Run the compiled binary exe1 with 10 nodes for a maximum of 15 minutes:
qsub -n 10 -t 15 exe1
To submit jobs to a particular queue, use qsub -q <queue_name>.
To run the compiled binary exe1 with 10 nodes for a maximum of 30 minutes in the production queue:
qsub -q prod -n 10 -t 30 exe1
Charge a job to a project
Use qsub -A <project_name> to charge a job to a particular project. If you are a member of only one project, you do not need to specify a project name.
To run the compiled binary exe1 with 10 nodes for a maximum of 15 minutes and charge the job to MyProject:
qsub -n 10 -t 15 -A MyProject exe1
To see which projects you are a member of:
You can use the environment variable "COBALT_PROJ" to set your default project. qsub -A takes precedence over COBALT_PROJ.

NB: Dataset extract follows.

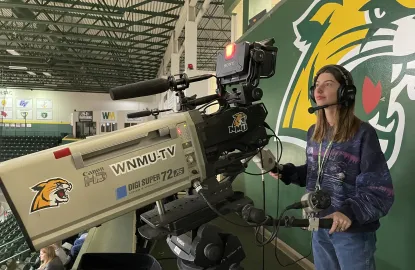 Megan on the camera during an NMU Sporting event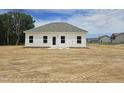 A new house with a large, unfinished backyard at 21 Mildred Pl, Broadway, NC 27505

On Vesta, if you are a member of one project (besides your pilot project), the non-pilot project will be your default project.
Delete a job from the queue
To delete a job from the queue, use the qdel command.
Cancel job 34586:
If the job failed to cancel (indicating that the resource manager is unable to kill the mpirun's cleanly), you might try again with the force option:
qdel -f 34586
If you must forcibly delete a job, email Support at alcf.anl.gov with the job i.d. so that the necessary cleanup can be accomplished.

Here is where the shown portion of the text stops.